There are three basic layers into which you can plug your own authentication mechanism:
The most powerful approach to customization is to write your own security provider. This involves the following steps:
Implement org.idoox.security.spi.ClientSecurityProvider and org.idoox.security.spi.ServerSecurityProvider
Assign a name to the new security provider
Plug the security provider into the WSO2 SOA Enablement Server configuration files using the Administration Console.
In the Server Preferences panel of the Administration Console (see Server Preferences Management), select the Security tree node.
Select the Providers tree node.
Click on the Add Provider button.
Enter the name and class of the provider in the new fields that appear.
All security providers shipped with WSO2 SOA Enablement Server for Java use JAAS login modules to map received authentication data from the incoming message to a user, which is represented as an instance of org.idoox.security.WASPPrincipal in the JAAS subject created at login over the JAAS security framework.
Each security provider uses a specific JAAS configuration entry (usually configured in the JAAS configuration file. The default file in WSO2 SOA Enablement Server is WASP_HOME/conf/jaas.config). For example, the HttpBasic security provider uses a configuration entry called NamePasswordAN on the server side, while on the client side it uses NamePasswordNoAN. By default, login modules shipped with WSO2 SOA Enablement Server are present in the configuration entries. By changing the configuration entry, you can add your own login module or remove the existing one.
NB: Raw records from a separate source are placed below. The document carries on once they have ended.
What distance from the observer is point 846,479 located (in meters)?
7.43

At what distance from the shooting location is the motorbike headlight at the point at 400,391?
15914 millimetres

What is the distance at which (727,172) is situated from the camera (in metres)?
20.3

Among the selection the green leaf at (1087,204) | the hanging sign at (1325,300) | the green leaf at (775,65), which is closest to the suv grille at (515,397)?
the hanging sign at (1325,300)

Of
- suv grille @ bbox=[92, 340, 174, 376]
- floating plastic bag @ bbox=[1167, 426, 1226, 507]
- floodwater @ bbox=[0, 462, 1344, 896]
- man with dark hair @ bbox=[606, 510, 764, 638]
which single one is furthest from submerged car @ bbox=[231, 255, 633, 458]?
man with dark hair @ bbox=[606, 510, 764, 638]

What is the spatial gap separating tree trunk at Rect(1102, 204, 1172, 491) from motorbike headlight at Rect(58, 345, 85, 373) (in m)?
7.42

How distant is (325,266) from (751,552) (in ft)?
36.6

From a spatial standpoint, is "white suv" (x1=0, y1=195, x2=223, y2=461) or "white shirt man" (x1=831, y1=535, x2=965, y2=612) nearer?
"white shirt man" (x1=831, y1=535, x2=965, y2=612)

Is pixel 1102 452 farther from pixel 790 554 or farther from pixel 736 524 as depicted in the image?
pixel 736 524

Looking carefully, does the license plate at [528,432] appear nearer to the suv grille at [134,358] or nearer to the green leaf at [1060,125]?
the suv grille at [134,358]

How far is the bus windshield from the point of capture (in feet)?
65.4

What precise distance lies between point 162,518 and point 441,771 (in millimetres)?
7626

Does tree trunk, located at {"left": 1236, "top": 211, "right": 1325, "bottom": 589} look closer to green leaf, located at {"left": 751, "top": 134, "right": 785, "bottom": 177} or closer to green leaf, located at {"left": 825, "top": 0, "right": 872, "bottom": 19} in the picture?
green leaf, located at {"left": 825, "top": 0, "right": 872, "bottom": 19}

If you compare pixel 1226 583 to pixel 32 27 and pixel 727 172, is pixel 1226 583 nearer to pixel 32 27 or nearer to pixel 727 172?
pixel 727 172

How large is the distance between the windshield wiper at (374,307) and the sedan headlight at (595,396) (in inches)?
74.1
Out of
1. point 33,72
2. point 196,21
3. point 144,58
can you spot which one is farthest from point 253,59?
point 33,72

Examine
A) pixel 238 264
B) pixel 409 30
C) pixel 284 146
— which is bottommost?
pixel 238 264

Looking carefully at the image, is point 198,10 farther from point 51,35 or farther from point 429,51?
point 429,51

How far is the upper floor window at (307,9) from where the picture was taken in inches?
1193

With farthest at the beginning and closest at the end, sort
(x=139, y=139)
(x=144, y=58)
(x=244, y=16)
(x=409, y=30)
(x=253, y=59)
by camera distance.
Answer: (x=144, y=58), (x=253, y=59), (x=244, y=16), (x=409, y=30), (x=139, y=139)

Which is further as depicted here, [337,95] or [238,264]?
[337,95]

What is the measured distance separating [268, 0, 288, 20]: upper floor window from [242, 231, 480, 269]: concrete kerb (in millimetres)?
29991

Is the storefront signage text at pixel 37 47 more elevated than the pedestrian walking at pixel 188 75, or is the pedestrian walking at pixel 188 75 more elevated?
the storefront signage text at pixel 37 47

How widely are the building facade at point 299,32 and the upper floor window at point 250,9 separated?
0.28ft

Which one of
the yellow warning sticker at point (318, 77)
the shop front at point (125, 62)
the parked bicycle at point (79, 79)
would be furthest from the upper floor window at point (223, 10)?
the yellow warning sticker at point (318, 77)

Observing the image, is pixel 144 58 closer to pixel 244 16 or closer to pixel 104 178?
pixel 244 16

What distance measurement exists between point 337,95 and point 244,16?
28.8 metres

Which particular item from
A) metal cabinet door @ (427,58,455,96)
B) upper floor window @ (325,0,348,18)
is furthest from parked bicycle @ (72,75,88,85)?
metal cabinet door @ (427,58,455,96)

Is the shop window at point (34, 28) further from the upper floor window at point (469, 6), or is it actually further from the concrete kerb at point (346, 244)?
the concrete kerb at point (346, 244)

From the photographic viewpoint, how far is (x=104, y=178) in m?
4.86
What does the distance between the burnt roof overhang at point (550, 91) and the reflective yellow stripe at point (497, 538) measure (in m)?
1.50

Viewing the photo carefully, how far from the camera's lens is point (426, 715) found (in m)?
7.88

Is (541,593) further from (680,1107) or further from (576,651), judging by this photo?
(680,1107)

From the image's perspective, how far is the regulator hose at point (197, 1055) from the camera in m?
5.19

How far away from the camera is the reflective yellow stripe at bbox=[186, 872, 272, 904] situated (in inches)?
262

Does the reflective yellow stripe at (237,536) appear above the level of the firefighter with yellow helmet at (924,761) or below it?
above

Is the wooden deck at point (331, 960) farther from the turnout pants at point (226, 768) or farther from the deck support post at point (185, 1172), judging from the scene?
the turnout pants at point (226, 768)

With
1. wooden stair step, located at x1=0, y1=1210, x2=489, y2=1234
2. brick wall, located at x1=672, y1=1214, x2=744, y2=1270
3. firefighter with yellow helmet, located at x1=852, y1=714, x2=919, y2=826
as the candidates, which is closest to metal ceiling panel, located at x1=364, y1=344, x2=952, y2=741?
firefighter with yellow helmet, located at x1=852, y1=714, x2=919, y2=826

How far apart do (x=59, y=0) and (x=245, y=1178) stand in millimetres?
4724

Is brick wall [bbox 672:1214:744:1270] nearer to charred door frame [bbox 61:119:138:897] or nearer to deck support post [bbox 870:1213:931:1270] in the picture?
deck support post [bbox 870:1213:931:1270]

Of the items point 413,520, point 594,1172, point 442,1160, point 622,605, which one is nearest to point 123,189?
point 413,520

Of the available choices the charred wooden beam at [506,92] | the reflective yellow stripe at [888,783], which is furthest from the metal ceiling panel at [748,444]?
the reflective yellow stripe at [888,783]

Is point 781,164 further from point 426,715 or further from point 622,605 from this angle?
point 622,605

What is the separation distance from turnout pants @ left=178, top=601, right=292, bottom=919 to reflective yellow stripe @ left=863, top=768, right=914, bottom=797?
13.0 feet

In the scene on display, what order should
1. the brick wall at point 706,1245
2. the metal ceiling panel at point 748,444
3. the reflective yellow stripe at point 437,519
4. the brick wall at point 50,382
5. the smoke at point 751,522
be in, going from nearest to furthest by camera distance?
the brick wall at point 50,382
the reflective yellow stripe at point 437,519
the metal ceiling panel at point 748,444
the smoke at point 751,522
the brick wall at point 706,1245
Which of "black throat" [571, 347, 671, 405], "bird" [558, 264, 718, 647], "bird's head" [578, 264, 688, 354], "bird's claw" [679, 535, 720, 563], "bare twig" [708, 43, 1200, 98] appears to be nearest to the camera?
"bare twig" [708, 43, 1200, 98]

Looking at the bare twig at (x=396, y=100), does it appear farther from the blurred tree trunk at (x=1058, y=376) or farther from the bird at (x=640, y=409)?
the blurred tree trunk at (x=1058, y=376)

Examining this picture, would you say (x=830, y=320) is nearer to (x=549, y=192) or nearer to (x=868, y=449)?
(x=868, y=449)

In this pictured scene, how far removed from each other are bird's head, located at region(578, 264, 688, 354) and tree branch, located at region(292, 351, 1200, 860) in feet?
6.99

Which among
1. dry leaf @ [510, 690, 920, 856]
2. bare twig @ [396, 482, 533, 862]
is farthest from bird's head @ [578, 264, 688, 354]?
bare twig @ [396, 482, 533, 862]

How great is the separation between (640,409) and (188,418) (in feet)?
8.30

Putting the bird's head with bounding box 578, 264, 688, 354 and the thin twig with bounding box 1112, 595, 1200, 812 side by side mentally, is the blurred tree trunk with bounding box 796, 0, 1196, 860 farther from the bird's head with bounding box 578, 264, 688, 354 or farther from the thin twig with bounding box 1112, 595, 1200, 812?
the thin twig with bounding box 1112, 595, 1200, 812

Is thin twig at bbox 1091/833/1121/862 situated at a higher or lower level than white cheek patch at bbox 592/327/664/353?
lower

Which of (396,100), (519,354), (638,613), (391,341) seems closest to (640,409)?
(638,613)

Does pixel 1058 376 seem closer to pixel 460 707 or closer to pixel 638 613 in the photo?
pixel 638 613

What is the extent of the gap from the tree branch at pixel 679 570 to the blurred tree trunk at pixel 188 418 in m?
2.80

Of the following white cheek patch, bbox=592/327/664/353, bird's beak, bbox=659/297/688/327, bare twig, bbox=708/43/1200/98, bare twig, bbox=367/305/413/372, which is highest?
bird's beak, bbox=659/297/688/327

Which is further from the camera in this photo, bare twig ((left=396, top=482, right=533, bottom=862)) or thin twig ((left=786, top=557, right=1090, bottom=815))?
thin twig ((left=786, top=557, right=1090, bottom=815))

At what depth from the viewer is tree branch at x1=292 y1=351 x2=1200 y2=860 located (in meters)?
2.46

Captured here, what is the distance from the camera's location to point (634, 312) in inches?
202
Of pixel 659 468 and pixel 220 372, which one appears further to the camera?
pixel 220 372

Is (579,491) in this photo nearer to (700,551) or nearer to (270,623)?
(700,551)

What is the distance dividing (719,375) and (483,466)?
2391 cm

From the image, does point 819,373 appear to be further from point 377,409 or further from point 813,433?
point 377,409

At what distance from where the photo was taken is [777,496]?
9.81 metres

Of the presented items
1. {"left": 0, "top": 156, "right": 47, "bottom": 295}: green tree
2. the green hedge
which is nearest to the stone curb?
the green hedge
For example, if you want to replace the login module used by the WSO2 SOA Enablement Server HttpBasic security provider on the server side with com.mycompany.security.MyLoginModule, you must change the JAAS configuration entry as follows :
Replace:
NamePasswordAN{
com.idoox.security.jaas.NamePasswordLoginModule required debug=true;
};with:
NamePasswordAN{
com.mycompany.security.MyLoginModule required debug=true;
};WSO2 SOA Enablement Server security providers work with different authentication data. For example, in the case of HttpBasic, this data consists of name and password, while for HttpDigest it consists of name and digest value. The data are available to login modules over JAAS callbacks. Each security provider provides specific JAAS callbacks to the JAAS framework. The callbacks are then available to login modules. The callbacks provided by security providers are described in JAAS Login Modules.
If we continue with the MyLoginModule example, com.mycompany.security.MyLoginModule can obtain a username and password by calling the appropriate callbacks. Note that you do not need to use all callbacks available. For example, if you do not use the default WSO2 SOA Enablement Server implementation of UserStore, you do not need the WSO2 SOA Enablement Server user store reference passed by org.idoox.security.jaas.UserStoreCallback .
The WSO2 SOA Enablement Server authorization framework relies on the presence of an instance of org.idoox.security.WASPPrincipal in the JAAS subject after a login over the JAAS framework. If you intend to authorize WSO2 SOA Enablement Server Web service calls, you must set this principal in the commit method of your login module.
For more information, please see also: Sun's Java Authentication and Authorization Service page and JAAS Login Modules.
WSO2 SOA Enablement Server default login modules use WSO2 SOA Enablement Server user store and keystore. You can change the implementation of these by setting appropriate properties and implementing appropriate interfaces. See Keystore and User Store.